As a consequence, testing frameworks and tools, integrated with the IDE, are
ubiquitous. So you want that for DSLs, too! Your telco pricing expert also
wants to make sure that he doesn’t lose the company money because his pricing
algorithm is buggy!
However, for testing to be
feasible, the abstractions and notations used for testing must be aligned with
the core of your DSL. For example, to test an old age insurance policy, users
should be able to describe the employment history of a customer, using terms
relevant to the domain, and then run what is essentially an integration test on
this customer: what will his monthly pension be once he retires, and how will
it change over time?
A simple state machine DSL (left)
and a DSL for testing whether the transitions lead to the expected target
states (right).
The degree to which you rely
on (the equivalents of) units tests vs. integration tests depends on the domain
and needs to be figured out during domain analysis. In any case, make sure you
consider testing, and testability, of your DSL programs an inherent part of
language design.
To increase the acceptance of
testing, make sure that running tests is painless for DSL users. In particular,
if the execution of your DSL relies on code generation and the subsequent
compilation, packaging and deployment chain, the turnaround time for tests
might become too long. Make sure you provide a way for executing the tests with
essentially zero overhead. One way of achieving this is to also provide an
in-IDE interpreter, i.e., a way of executing programs without any code
generation. Since interpreters usually do not have to reproduce non-functional
concerns faithfully (i.e., they can be slow :-)), implementing one for your
language isn’t that much effort, especially when using suitable frameworks.
Simulation and Debugging
The interpreter has an
additional benefit: it also lets you define a simulator, with which users can
“play” with the models. In my experience, this ability is often perceived as
the main benefit of a DSL and the required formalisation of a domain in the
first place.
A simulator is closely
related to a debugger for integration scenarios. Both rely on an interpreter
(or an instrumented runtime). The difference is that a debugger illustrates,
explains (and allows to control) a previously written program. A simulator lets
users interactively play with the program, enter/change data or trigger events.

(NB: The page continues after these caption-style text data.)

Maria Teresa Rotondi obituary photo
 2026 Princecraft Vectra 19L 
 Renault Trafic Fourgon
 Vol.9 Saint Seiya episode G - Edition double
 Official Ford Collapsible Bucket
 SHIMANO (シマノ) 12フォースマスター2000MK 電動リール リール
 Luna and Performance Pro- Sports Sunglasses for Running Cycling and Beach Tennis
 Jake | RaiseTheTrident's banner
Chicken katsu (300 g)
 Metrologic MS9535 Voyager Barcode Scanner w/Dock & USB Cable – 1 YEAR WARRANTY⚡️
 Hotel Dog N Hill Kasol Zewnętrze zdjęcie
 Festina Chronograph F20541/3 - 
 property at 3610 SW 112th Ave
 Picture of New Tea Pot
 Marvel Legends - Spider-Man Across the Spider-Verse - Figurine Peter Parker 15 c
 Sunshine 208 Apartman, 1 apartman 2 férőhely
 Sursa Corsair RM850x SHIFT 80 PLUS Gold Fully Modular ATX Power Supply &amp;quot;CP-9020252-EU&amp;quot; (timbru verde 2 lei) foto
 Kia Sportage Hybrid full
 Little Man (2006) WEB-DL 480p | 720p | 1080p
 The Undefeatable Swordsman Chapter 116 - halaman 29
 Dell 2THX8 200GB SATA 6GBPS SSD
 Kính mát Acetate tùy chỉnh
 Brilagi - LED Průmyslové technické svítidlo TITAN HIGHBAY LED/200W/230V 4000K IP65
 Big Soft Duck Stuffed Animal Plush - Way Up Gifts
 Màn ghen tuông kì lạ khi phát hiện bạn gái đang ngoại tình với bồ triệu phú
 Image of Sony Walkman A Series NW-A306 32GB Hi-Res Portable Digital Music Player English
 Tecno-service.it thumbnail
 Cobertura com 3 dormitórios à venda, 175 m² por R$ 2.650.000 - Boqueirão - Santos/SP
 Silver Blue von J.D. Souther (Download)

The difference can be blurry, but it becomes clearer when behavior changes over
time and state change becomes a factor.
Building debuggers can be a
lot of work, partially because language workbenches don’t support this to the
degree they support other aspects of language development. Hopefully this changes
in the future. However, an interpreter framework that is designed to be
“debuggable” can make a big difference. More on simulation and debugging in a
future post.
Wrap up
Nothing new here for the
software engineer, I guess. All of the things I am suggesting here are more or
less similar to what one does in programming languages. My goal with this post
was to point out why and how these things are relevant in DSLs (maybe
especially so, as in error messages) and how the ability to design your own
language may simplify the process. Let me know what you think!